La purezza della neve

by redazione

 

Di Giulia

Tre sono gli argomenti di moda in questi giorni: le ragazzine violentate, il bullismo e l’anoressia. Di quest’ultima, solitamente, si parla solo quando qualche ministro (nostrano o estero) decide di alzare per legge la taglia delle modelle, così le ragazzine non si fanno venire strane idee; oppure una modella muore dopo anni di digiuno, e tutti gridano allo scandalo per cinque minuti. Gli uomini riaffermano la loro passione per le ciccette e la cellulite, le donne riaffermano la loro accettazione di se stesse. Cinque minuti dopo, appunto, le donne sono fuori a comprarsi l’anticellulite, gli uomini a fare apprezzamenti e critiche sugli sfondi desktop di Macchianera.

Le modelle non sono il problema. Non sono le modelle a far diventare anoressiche le ragazze. Semmai le anoressiche, se sono alte e graziose, spesso finiscono per fare le modelle. E la malattia diventa uno stile di vita, un metodo di sussistenza, perché il digiuno permette loro di lavorare, e perché intorno a loro nessuno mangia, almeno, non in maniera normale. Alcune smettono. Altre muoiono. Altre ancora figliano e recuperano miracolosamente la forma fisica dopo ogni gravidanza, gettando nella disperazione le puerpere di tutto il mondo: ma perché Heidi Klum è sempre così magra e io invece devo andare in giro con la pancera?

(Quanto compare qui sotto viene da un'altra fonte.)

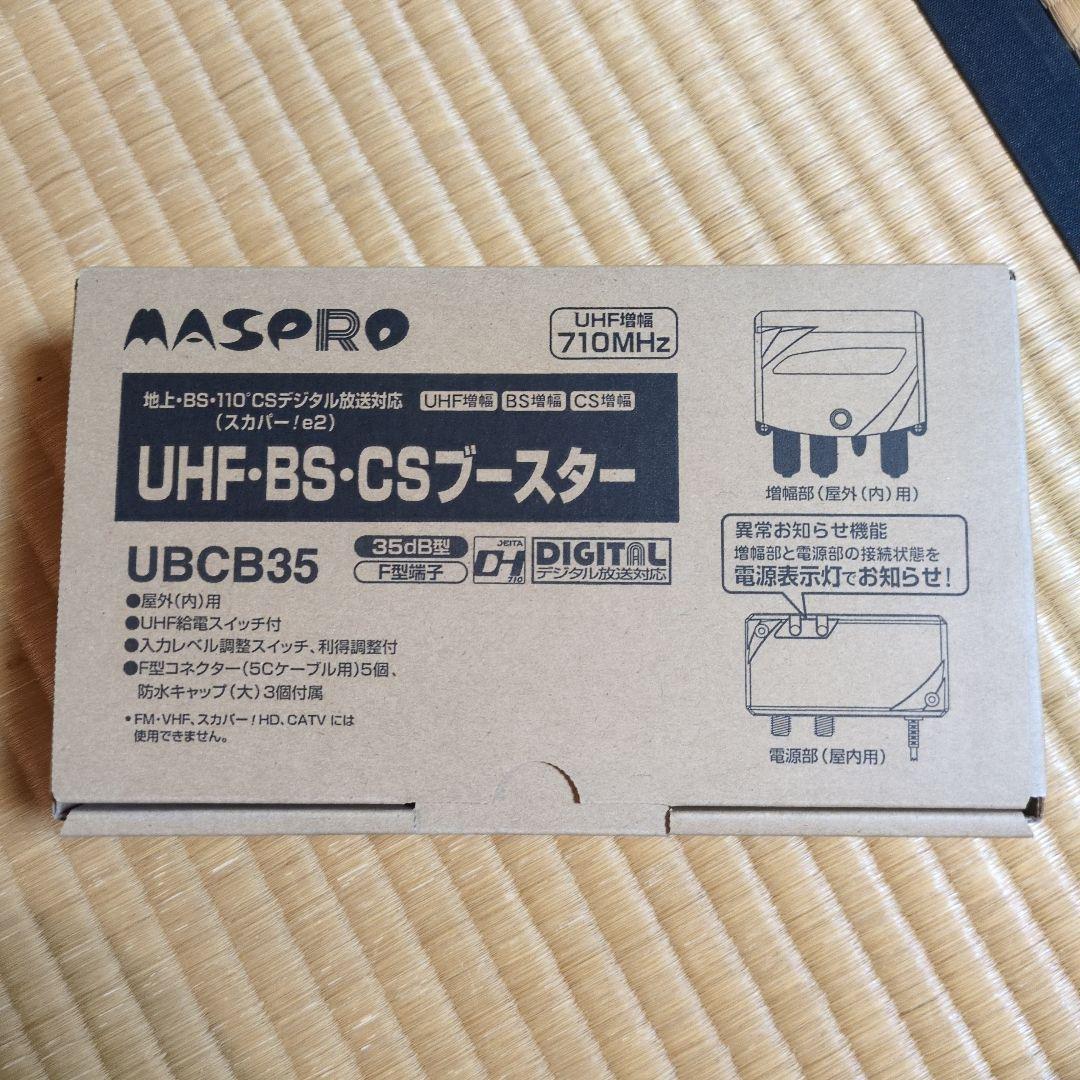 マスプロ UHF・BS・CSブースター UBCB35 未使用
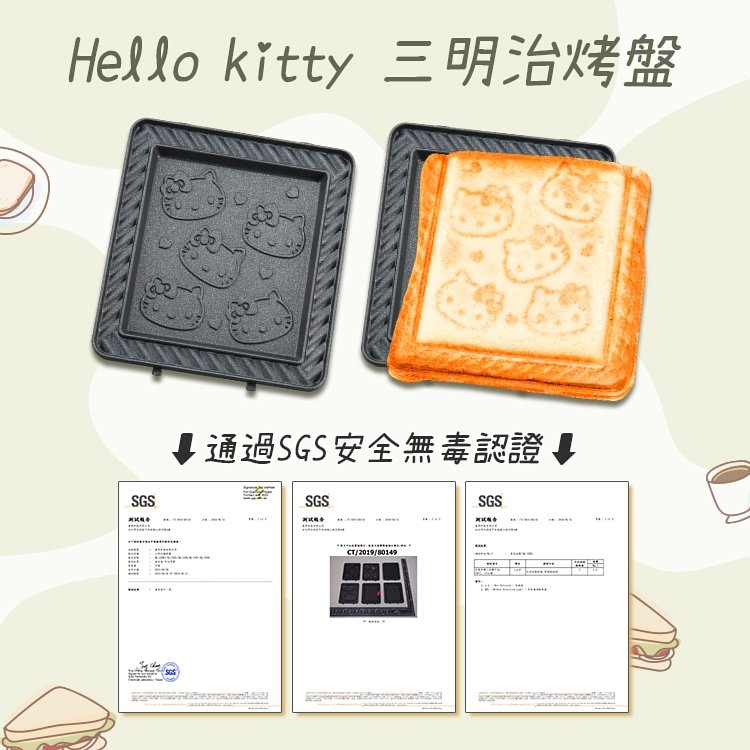 Hello Kitty 輕食主張-單片熱壓三明治機/鬆餅機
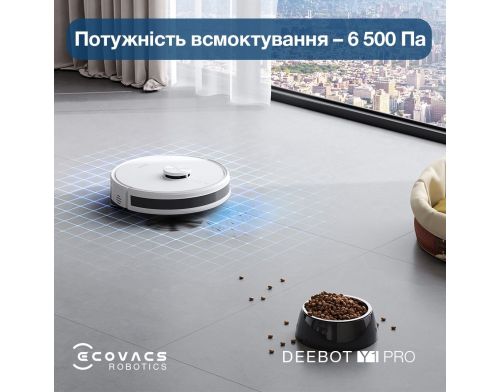 Робот-пылесос с влажной уборкой ECOVACS Deebot Y1 Pro White (DLX34 White) фото №2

E ci sto cadendo di nuovo. Le modelle non sono il problema.

Siamo tutte più o meno disgustate da noi stesse. Anche le molto belle si vedono piene di difetti. Cristina Chiabotto ed Elena Santarelli si sono fatte ingrandire le tette “per piacersi di più”. Cosa ci fosse di inguardabile in loro, prima, non ci è dato di saperlo. Ma la perfezione rimane sempre un pochino fuori dalla nostra portata, e la perfezione ha come pre-condizione la bellezza fisica, che richiede una manutenzione costante. Siamo tutte insoddisfatte, ci guardiamo il culo, i fianchi, la pancia, le braccia, le tette, il collo, le ginocchia, le cosce, le caviglie, i piedi, le mani, i capelli, il naso, la bocca, gli occhi. La maggior parte di noi convive allegramente con l’imperfezione, che poi nella maggioranza dei casi coincide con la normalità. Il resto convive con lo schifo, e una percentuale combatte lo schifo con ogni mezzo.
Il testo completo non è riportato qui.